Kepolisian Sektor (Polsek) Koja memberlakukan sanksi wajib lapor dua hari dalam seminggu, yaitu setiap Senin dan Kamis, terhadap lima pelajar SMA Negeri di Cilincing, Jakarta Utara, meski sudah dipastikan bahwa mereka tidak terkait dengan jaringan teroris. “Setelah diperiksa dan diselidiki, para siswa tersebut tidak terafiliasi dengan kelompok teroris manapun. Karena tidak terbukti bersalah, maka para siswa tersebut dikenakan sanksi wajib lapor,” kata Kepala Polsek Koja, Komisaris Polisi Muhammad Syahroni, saat dikonfirmasi pada Kamis malam.
Roni menyatakan bahwa identitas, alamat, dan nomor telepon kelima pelajar tersebut telah dicatat untuk memastikan tidak terjadi kejadian memalukan seperti pada pagi Kamis. Polisi juga telah memanggil kepala sekolah terkait untuk meminta pengawasan terhadap para siswanya selama berada di sekolah, serta memanggil orang tua pelajar yang terlapor untuk memberikan keterangannya meski tidak ada satu pun dari mereka yang ditetapkan sebagai tersangka.
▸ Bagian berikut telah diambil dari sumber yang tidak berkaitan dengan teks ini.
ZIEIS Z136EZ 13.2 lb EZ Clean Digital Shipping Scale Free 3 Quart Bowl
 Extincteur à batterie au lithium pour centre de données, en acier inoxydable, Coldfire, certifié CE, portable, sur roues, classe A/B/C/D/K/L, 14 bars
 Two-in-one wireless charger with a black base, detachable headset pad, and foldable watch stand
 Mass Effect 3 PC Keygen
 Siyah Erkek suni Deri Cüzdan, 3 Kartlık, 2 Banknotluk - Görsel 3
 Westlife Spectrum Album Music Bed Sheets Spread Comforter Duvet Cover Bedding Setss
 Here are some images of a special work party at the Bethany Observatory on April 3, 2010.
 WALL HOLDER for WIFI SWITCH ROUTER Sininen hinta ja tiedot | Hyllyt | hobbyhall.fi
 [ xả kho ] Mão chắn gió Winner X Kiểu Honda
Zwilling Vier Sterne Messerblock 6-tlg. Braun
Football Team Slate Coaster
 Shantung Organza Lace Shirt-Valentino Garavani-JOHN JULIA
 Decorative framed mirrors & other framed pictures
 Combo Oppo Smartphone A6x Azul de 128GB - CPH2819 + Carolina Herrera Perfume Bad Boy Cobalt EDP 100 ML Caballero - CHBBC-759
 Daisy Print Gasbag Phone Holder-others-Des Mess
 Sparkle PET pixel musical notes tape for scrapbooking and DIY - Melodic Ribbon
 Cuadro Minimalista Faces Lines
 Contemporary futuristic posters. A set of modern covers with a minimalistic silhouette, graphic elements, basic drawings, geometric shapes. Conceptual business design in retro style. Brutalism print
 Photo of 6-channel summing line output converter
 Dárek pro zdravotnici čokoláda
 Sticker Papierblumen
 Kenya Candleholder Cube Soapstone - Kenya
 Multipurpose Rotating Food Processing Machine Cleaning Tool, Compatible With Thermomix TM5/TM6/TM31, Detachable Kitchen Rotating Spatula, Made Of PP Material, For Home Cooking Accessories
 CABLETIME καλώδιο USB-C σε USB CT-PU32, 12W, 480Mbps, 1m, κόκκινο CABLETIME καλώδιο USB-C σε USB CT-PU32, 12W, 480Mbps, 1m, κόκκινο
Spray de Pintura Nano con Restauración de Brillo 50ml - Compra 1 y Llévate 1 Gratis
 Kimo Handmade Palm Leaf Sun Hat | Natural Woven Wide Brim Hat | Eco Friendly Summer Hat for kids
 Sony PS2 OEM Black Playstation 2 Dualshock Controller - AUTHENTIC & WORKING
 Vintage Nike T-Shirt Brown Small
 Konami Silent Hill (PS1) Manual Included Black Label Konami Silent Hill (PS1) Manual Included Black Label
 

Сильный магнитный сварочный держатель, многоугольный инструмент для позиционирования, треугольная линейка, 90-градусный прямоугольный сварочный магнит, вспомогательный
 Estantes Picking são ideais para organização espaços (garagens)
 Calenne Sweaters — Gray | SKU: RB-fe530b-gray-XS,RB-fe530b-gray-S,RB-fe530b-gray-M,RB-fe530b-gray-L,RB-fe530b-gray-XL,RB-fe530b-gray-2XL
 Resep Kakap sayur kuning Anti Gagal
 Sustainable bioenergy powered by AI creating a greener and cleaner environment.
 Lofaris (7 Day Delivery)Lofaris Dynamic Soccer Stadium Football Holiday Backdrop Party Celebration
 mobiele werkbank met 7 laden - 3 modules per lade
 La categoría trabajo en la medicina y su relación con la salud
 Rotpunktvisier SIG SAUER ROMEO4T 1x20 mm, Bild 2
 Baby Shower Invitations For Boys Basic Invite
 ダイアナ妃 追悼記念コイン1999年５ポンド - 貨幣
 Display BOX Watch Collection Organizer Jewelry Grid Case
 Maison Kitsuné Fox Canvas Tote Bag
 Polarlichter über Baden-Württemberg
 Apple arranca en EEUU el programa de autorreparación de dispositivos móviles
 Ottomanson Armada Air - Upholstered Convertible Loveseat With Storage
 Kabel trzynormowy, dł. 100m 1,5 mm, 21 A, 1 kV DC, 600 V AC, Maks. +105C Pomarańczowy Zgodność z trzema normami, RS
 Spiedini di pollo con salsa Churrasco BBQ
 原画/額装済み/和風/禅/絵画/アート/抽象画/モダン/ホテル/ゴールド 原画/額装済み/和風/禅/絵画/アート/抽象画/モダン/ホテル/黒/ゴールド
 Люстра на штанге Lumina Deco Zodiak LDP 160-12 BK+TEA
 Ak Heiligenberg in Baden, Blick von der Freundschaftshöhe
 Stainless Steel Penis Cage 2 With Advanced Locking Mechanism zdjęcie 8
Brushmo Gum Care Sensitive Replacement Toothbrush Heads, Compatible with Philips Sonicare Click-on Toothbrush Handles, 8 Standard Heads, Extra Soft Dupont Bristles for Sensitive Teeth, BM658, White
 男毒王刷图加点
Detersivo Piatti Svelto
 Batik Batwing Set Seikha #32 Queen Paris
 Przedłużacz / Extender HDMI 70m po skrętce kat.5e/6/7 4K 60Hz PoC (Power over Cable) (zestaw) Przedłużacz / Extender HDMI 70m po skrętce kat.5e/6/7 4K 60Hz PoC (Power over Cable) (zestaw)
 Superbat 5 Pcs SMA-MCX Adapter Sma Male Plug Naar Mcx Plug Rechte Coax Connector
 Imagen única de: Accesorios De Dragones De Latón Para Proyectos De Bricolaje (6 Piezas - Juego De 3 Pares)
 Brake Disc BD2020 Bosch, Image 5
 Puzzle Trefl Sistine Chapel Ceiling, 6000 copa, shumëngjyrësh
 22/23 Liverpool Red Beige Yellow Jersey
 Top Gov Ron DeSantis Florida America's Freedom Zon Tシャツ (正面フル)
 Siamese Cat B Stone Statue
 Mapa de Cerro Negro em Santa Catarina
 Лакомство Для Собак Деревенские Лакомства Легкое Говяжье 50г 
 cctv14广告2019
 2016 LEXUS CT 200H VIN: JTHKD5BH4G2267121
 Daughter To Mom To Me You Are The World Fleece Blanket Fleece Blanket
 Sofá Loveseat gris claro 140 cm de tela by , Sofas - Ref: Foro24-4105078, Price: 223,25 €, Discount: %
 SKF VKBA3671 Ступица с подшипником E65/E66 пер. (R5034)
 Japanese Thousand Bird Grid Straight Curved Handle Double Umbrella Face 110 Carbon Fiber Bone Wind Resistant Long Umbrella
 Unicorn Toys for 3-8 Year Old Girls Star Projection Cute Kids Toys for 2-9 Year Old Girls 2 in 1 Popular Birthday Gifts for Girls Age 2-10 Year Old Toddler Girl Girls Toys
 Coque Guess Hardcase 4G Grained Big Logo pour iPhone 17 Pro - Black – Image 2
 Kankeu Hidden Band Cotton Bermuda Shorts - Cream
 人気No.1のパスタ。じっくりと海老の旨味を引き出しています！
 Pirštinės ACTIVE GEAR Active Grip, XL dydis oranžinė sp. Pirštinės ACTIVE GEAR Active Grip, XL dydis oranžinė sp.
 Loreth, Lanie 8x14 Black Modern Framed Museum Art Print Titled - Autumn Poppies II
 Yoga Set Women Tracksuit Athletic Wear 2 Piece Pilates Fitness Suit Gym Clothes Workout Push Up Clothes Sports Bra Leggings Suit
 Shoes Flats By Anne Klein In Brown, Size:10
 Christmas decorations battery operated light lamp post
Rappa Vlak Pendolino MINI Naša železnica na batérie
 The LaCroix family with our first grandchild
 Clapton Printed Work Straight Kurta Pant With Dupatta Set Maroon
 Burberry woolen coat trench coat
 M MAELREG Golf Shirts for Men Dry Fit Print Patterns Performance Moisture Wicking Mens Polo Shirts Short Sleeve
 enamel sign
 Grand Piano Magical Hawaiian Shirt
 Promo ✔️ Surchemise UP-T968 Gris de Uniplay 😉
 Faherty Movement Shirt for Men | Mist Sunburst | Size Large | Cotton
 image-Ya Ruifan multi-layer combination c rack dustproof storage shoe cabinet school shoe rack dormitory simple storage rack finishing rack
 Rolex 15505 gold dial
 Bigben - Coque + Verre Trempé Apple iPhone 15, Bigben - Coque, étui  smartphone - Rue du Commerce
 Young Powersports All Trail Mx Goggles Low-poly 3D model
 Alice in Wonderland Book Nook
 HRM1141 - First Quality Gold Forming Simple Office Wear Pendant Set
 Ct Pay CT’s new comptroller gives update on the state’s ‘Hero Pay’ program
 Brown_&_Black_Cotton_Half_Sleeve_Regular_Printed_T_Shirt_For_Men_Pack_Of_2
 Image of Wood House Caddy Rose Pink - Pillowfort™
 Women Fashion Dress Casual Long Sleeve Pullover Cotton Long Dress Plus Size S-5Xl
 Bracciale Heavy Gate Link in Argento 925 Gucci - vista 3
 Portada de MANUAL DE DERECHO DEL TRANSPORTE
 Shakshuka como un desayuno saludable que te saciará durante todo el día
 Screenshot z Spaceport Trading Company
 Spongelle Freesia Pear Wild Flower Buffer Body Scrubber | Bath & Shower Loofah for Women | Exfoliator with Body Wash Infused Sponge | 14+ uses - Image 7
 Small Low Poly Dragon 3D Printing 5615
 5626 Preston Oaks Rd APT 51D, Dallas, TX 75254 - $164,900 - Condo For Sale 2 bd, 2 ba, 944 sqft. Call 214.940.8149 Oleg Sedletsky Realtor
Sebelumnya, anggota Unit Reserse Kriminal Polsek Koja melakukan pemeriksaan mendalam terhadap enam siswa SMA Negeri di Cilincing, Jakarta Utara, setelah menerima laporan ancaman bom dari salah satu pusat perbelanjaan di Jakarta Utara pada pagi Kamis. Menggunakan profil teroris yang telah meninggal pada 2009, Noordin M Top, siswa kelas XI SMA Negeri dengan inisial FA mengirim pesan ancaman ke akun media sosial salah satu mal di Koja, Jakarta Utara.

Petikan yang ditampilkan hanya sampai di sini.